FridayDecember142007

Latino Holiday Drinks Make Our Coquitos Hurt The Next Morning

coquito_12.14.07.jpg

Christmas is right around the corner and we’ve found that nothing makes our families more tolerable around the Noche Buena dinner table than getting totally annihilated right before they show up. The New York Post has three suggestions for drinks that’ll help you get through your family members telling you how thin/fat/plain/unsuccessful/quiet/gringa you are in between mouthfuls of lechón and yucca with mojito sauce:

Coquito
Laced with coconut cream and white rum, coquito (Spanish for little coconut) is Puerto Rico’s traditional Christmas libation and answer to American and European egg nog.
Ingredients
6 egg yokes 5 (12 oz) cans evaporated milk
4 tbsp vanilla extract
Lime peel
2 (14 fl oz) cans sweetened condensed milk
2 (15 fl oz) cans cream of coconut
8 oz white rum
8 oz Captain Morgan Spiced Rum (add to taste)
1/4 tsp nutmeg
½ tsp cinnamon
½ teaspoon ground cloves
In a double boiler, combine egg yolks, vanilla, lime peel and evaporated milk. Stir constantly, until the egg yolks and the milk are thoroughly combined (approximately five minutes). The mixture is ready to be removed from the heat when it is thick enough to coat the back of a spoon.
Be careful not to boil.
Place the container with the mixture into a bowl half-filled with ice water.
Once it cools down, remove the lime peel and add the rest of the ingredients, blending thoroughly the cream of coconut, condensed milk, rum (to taste), cloves, cinnamon and nutmeg.
Chill overnight. Makes about 2 gallons.
Sabajón
From the heartland of Colombia comes sabajón, an egg-based creamy cocktail that’s so rich it can be served as a dessert. Its origins can be traced to France, Spain and Italy, where it was known as zabaglione and prepared with sweet Marsala wine.

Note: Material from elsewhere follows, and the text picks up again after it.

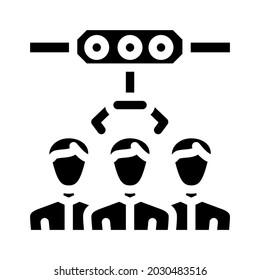 employee selection glyph icon vector. employee selection sign. isolated contour symbol black illustration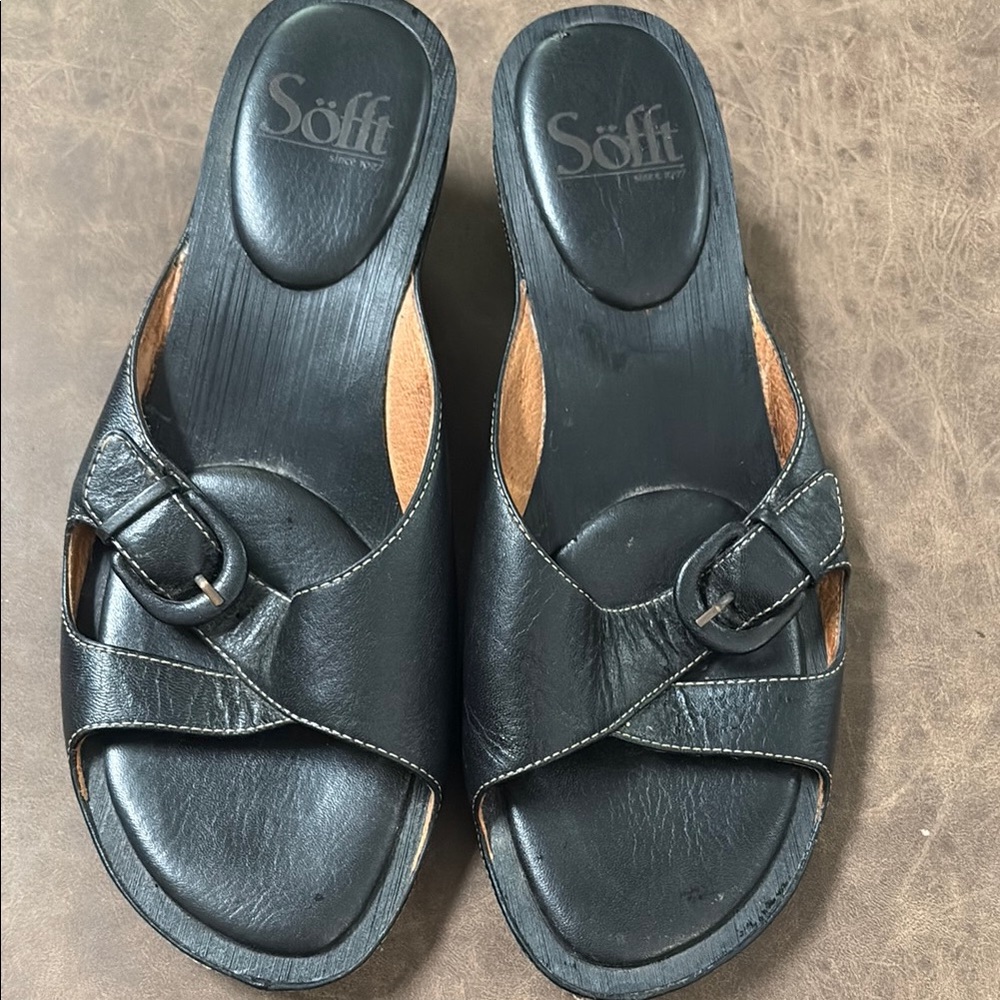 Sofft Black Leather Mules with Buckle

By the late 1950s, Colombians developed a commercial recipe and bottled it successfully as Sabajón Apolo.
This sweet wonderful drink is mostly served during the Holidays, especially in Bogota, the capital of this South American nation and its surrounding regions.
Ingredients
2 qts whole milk 1 can condensed milk
8 egg yokes, beaten
8 fl oz aged Colombian rum, like Ron Viejo de Caldas
Set aside a large bowl ready to fill with ice at the end of the cooking time.
In a saucepan, simmer whole milk and condensed milk over low heat; do not let the mixture boil (if it starts to boil, take the pan off the heat right away.)
Slowly add a little of the hot milk to the egg yolks to warm them.
Then, very gradually add the egg yolks to the hot milk mixture, being very careful not to boil or scramble eggs.
Whisk in low heat for about 5 minutes, stirring constantly with a whisk.
Remove pan from heat and put pan into large bowl filled with ice to chill the mixture.
Add rum to taste
Pour into a bottle, cover and refrigerate until ready to serve.
Mexican punch
Chef Lupe, owner of Taco Taco on the Upper East Side, uses fresh fruits for her brew, which is also known as Ponche Navideño, a refreshing cocktail that is served in different variations throughout Mexico and Central America. It’s delicious with or without tequila, vodka or rum. But, what’s the point really if it’s not juiced?
Ingredients
1 lb tejocotes (Mexican small crabapples) 1 lb frozen guava
2 Golden Delicious apples, unpeeled, seeded and cut in small chunks
1 lb panela (raw whole sugar with a heavy molasses content)
6 oz raisins
1 sugar cane, peeled and cut in 4 chunks
8 oz pitted prunes
1 cinnamon stick
1 orange rind, without whitish underskin, in small squares
6 whole cloves
1 tsp anise seeds
1 gallon water
Place the crab apples in a pot with water and bring to a boil.
When the water has begun boiling, put in the chunked sugar cane and simmer for 45 minutes.
Add the Golden Delicious apples and the guavas to the brew. Simmer for another 30 minutes.
Add the rest of the ingredients and simmer until cinnamon and cloves release their flavor.
Serve hot.
Optional: You can add a shot of tequila per cup of ponche.

Ah, the Spirit of Christmas Passed Out On The Back Patio.

Any drink recipes you would like to share are greatly welcome.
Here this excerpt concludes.